··· DATA SHOWN ···

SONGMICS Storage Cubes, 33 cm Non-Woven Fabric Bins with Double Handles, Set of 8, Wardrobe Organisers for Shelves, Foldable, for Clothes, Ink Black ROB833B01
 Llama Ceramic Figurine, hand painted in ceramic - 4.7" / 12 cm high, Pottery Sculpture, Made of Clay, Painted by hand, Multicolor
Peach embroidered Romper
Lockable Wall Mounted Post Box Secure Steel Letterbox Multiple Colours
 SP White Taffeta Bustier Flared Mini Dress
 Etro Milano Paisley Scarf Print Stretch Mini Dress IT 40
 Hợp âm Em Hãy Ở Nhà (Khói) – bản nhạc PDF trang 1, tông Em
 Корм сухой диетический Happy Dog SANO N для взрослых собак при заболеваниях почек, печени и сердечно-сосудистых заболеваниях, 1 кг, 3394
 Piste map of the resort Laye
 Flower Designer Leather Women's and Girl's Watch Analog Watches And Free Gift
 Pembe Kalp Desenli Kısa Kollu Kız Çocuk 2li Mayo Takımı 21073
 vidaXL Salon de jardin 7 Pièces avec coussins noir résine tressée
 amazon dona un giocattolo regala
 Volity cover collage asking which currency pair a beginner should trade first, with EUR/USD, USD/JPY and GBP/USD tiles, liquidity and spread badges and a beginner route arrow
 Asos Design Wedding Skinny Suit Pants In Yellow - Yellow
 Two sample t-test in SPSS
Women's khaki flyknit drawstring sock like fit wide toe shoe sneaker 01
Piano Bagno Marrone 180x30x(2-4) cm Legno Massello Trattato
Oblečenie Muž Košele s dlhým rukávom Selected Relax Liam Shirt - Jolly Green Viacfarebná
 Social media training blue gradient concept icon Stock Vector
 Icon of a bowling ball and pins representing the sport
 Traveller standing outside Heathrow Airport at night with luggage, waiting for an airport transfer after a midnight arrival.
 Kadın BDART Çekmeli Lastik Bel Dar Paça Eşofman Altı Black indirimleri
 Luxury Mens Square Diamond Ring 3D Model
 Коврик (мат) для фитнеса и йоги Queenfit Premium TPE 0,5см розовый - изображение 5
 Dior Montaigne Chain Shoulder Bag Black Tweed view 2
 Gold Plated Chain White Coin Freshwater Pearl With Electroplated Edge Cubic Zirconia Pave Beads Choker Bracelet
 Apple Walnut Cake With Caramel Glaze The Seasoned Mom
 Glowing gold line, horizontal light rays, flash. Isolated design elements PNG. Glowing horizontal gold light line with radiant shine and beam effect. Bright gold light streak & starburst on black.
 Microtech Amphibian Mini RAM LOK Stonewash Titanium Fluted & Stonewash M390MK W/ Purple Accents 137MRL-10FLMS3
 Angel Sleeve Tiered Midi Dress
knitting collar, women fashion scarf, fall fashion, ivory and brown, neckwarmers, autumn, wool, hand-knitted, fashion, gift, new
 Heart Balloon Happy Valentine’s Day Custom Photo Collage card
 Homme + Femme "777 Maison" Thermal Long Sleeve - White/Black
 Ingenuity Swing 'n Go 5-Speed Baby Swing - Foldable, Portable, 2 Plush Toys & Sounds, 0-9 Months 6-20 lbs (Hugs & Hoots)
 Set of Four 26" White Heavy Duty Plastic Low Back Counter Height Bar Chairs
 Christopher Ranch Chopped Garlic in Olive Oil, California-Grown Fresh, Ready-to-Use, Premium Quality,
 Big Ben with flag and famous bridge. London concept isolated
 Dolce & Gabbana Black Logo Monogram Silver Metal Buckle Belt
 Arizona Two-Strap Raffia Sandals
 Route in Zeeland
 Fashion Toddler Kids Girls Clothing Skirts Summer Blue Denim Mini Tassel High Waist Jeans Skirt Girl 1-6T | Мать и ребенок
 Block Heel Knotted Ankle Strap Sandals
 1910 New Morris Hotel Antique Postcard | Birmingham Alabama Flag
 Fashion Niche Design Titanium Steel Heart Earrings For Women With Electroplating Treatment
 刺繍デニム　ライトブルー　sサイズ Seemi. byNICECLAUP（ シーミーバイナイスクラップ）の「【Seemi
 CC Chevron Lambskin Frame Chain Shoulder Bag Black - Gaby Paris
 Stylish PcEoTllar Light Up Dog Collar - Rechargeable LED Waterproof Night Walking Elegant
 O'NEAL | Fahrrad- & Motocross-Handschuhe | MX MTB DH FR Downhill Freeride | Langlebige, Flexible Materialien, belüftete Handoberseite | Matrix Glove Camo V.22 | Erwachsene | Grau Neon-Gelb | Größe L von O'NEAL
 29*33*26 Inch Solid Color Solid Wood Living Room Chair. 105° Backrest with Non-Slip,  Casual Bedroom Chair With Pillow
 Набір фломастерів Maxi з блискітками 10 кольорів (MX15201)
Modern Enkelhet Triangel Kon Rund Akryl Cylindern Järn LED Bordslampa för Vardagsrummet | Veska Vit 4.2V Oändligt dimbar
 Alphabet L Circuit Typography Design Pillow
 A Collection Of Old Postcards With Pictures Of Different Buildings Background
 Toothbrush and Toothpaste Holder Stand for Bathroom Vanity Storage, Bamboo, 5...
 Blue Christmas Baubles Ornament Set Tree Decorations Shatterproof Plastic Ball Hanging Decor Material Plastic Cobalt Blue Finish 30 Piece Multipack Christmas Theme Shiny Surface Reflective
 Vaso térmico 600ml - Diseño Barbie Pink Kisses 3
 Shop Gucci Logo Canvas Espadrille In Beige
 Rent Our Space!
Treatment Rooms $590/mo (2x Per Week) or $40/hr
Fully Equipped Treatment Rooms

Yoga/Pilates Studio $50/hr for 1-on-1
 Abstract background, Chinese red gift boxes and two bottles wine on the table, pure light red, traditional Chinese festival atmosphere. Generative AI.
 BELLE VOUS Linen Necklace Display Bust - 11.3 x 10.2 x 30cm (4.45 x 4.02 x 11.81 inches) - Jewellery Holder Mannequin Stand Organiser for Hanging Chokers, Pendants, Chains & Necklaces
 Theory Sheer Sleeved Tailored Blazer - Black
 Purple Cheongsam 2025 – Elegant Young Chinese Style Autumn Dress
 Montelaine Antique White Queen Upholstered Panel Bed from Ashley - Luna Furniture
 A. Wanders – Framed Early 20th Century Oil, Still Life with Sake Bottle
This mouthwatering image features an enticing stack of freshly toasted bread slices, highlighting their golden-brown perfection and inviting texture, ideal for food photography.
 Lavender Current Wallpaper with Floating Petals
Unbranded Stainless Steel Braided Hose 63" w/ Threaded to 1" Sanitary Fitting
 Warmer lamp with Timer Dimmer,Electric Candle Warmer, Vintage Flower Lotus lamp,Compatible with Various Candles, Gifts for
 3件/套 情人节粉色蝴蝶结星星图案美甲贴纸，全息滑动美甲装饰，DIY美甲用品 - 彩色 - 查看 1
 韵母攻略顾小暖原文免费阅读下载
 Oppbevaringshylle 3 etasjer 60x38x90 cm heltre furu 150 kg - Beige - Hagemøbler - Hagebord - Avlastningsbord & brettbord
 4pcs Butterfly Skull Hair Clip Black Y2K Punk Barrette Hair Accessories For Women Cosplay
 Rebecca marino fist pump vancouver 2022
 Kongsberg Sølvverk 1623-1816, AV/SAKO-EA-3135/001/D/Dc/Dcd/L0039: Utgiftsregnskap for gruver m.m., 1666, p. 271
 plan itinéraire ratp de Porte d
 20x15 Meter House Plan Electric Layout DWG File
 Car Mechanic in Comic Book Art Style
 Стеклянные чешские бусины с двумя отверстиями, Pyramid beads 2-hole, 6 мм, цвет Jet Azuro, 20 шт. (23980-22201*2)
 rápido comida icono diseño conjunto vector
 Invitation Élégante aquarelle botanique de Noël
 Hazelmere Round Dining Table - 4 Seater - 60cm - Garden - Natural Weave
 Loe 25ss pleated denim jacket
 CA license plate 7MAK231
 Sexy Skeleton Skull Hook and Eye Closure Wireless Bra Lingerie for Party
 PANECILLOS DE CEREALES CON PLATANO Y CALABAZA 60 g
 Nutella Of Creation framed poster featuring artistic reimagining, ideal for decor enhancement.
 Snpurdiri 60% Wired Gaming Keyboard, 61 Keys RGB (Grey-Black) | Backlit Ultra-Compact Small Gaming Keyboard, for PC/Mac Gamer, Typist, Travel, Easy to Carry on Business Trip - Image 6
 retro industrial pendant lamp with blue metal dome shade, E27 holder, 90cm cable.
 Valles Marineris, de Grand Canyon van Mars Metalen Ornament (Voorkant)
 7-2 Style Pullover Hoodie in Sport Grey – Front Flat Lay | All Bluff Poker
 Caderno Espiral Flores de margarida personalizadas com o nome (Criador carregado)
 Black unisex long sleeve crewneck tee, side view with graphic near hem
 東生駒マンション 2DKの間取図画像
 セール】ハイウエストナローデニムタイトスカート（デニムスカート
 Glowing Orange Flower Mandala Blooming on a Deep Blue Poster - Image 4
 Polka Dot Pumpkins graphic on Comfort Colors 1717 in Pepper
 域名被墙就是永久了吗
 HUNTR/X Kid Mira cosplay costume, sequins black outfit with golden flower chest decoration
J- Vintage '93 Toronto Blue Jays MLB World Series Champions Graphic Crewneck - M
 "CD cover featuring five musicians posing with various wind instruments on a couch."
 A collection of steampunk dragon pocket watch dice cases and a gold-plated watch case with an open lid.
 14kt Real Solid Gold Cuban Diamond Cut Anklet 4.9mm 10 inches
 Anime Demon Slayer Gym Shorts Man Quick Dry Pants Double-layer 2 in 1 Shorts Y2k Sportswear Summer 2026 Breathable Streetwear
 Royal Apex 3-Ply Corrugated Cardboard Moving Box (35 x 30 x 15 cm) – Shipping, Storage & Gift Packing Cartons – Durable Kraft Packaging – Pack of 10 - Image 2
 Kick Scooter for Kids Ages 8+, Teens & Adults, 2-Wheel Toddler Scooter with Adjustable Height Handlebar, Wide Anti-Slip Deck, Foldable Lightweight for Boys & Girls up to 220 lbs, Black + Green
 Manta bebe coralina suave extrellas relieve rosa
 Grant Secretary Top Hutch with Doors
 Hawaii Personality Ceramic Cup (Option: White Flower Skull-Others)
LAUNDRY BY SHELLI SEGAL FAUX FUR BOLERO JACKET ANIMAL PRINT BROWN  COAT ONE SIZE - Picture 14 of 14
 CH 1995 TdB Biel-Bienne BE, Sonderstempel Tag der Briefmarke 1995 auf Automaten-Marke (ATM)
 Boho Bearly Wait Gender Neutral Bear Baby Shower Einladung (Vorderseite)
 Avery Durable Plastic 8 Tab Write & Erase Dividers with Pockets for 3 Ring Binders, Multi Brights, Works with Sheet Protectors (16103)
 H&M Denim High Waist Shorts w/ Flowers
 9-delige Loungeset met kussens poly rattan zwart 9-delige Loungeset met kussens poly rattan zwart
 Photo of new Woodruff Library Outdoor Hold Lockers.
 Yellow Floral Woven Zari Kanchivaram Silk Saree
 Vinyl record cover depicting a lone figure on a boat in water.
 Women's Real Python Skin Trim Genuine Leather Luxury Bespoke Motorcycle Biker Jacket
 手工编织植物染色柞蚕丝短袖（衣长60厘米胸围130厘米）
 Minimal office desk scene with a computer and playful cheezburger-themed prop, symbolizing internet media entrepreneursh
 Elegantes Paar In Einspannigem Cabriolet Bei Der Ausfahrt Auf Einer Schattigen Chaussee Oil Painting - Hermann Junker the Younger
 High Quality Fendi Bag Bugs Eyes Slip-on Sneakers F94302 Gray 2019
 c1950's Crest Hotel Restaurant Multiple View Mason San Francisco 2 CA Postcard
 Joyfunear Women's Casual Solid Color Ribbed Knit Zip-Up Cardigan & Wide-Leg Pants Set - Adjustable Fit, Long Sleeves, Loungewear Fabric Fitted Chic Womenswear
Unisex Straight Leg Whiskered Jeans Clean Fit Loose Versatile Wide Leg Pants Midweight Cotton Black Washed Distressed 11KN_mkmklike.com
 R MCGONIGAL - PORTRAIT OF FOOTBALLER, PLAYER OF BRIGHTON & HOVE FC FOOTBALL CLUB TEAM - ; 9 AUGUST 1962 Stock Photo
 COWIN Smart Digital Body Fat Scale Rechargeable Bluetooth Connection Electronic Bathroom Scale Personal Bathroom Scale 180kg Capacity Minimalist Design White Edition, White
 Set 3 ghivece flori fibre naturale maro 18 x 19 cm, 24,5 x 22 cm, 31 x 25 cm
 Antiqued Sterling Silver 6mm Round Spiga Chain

···

WHAT IS EXPECTED: The reply should hold only the lines from the beginning of the listing above through the line with "Hợp âm Em Hãy", each one written exactly as it appears.

RESULT OF THE TASK:
SONGMICS Storage Cubes, 33 cm Non-Woven Fabric Bins with Double Handles, Set of 8, Wardrobe Organisers for Shelves, Foldable, for Clothes, Ink Black ROB833B01
 Llama Ceramic Figurine, hand painted in ceramic - 4.7" / 12 cm high, Pottery Sculpture, Made of Clay, Painted by hand, Multicolor
Peach embroidered Romper
Lockable Wall Mounted Post Box Secure Steel Letterbox Multiple Colours
 SP White Taffeta Bustier Flared Mini Dress
 Etro Milano Paisley Scarf Print Stretch Mini Dress IT 40
 Hợp âm Em Hãy Ở Nhà (Khói) – bản nhạc PDF trang 1, tông Em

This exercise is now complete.